Single by Taylor Swift

from the album Taylor Swift
- Released: February 20, 2007
- Studio: Sound Cottage (Nashville)
- Genre: Country pop; pop; soft rock;
- Length: 3:35
- Label: Big Machine
- Songwriters: Taylor Swift; Liz Rose;
- Producer: Nathan Chapman

Taylor Swift singles chronology
| "Tim McGraw" (2006) | "Teardrops on My Guitar" (2007) | "Our Song" (2007) |

Music video
- "Teardrops on My Guitar" on YouTube

= Teardrops on My Guitar =

2007 single by Taylor Swift

"Teardrops on My Guitar" is a song by the American singer-songwriter Taylor Swift from her debut studio album, Taylor Swift (2006). Big Machine Records released the song to country radio on February 20, 2007, and to pop radio on November 9, as the album's second single in the United States. In 2009, the track was released as a single in Europe and included on the "international" edition of Swift's second studio album, Fearless. Swift wrote "Teardrops on My Guitar" with Liz Rose. Inspired by Swift's feelings for a high-school classmate, the lyrics depict an unrequited love.

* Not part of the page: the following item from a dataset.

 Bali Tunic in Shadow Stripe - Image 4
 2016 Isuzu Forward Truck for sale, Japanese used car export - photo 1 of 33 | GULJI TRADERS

Nathan Chapman produced the track, which is a gentle acoustic guitar-driven ballad that incorporates mandolin, fiddle, electric guitar, and hushed steel guitar; the version released to pop radio features a drum loop. Despite its release to country radio, several critics disputed this genre categorization and considered it pop or soft rock. Reviews generally complimented Swift's vocals and songwriting for earnestly portraying teenage heartbreak. Retrospectively, critics have considered "Teardrops on My Guitar" a defining single for her early career.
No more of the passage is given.